_DATA BLOCK:_
- - -

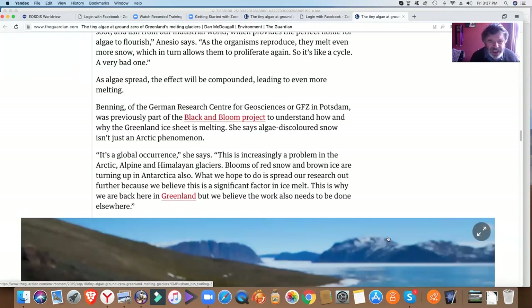It's a global occurrence, she says — this is increasingly a problem in the Arctic, Alpine, and Himalayan glaciers. Blooms of red snow and brown ice are turning up in Antarctica as well. What we hope to do is spread our research out further, because we believe this is a significant factor in ice melt. This is why we are back here in Greenland, where we believe the work needs to be done.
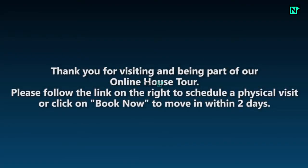Thank you for visiting and being part of our online house tour. Please follow the link on the right to schedule a physical visit, or click on 'Book Now' to move in within 2 days.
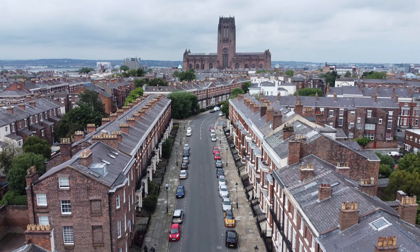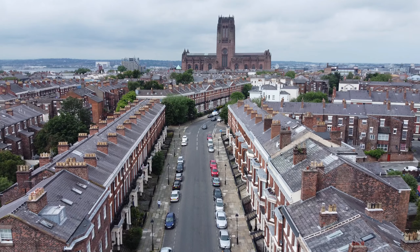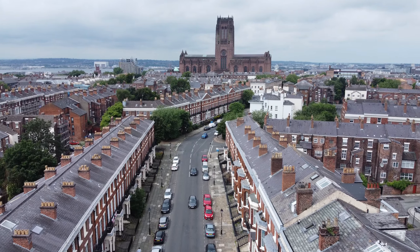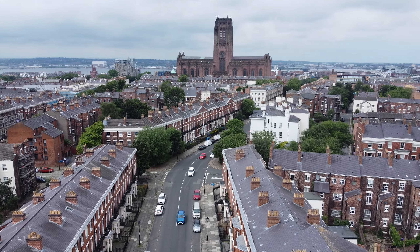The Georgian Quarter is arguably one of the most beautiful parts of the city, and with good reason. The cobbled streets, Georgian townhouses, traditional pubs, beautiful restaurants and cultural venues make it a must-visit area when you're in Liverpool.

- - -

_WORK REQUEST:_ All of the material should be reproduced exactly, apart from the pictures.

_RESPONSE TO THIS EXERCISE:_
It's a global occurrence, she says — this is increasingly a problem in the Arctic, Alpine, and Himalayan glaciers. Blooms of red snow and brown ice are turning up in Antarctica as well. What we hope to do is spread our research out further, because we believe this is a significant factor in ice melt. This is why we are back here in Greenland, where we believe the work needs to be done.
Thank you for visiting and being part of our online house tour. Please follow the link on the right to schedule a physical visit, or click on 'Book Now' to move in within 2 days.
The Georgian Quarter is arguably one of the most beautiful parts of the city, and with good reason. The cobbled streets, Georgian townhouses, traditional pubs, beautiful restaurants and cultural venues make it a must-visit area when you're in Liverpool.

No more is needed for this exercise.